TASK OBJECTIVE: In the listing that follows, the range to quote begins at the line that has "In the latest" and ends after the line that has "After it downloaded"; quote it verbatim and add nothing.

RAW DATA START

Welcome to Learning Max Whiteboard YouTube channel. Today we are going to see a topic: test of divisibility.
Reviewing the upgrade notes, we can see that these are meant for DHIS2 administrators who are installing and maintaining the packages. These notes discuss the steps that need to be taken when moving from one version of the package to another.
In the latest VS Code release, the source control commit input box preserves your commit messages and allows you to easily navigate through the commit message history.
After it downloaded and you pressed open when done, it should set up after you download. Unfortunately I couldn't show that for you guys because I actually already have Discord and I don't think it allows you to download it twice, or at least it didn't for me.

RAW DATA END
RAW DATA START

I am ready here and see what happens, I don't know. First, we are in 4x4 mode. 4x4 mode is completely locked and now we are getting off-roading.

RAW DATA END

OUTPUT:
In the latest VS Code release, the source control commit input box preserves your commit messages and allows you to easily navigate through the commit message history.
After it downloaded and you pressed open when done, it should set up after you download. Unfortunately I couldn't show that for you guys because I actually already have Discord and I don't think it allows you to download it twice, or at least it didn't for me.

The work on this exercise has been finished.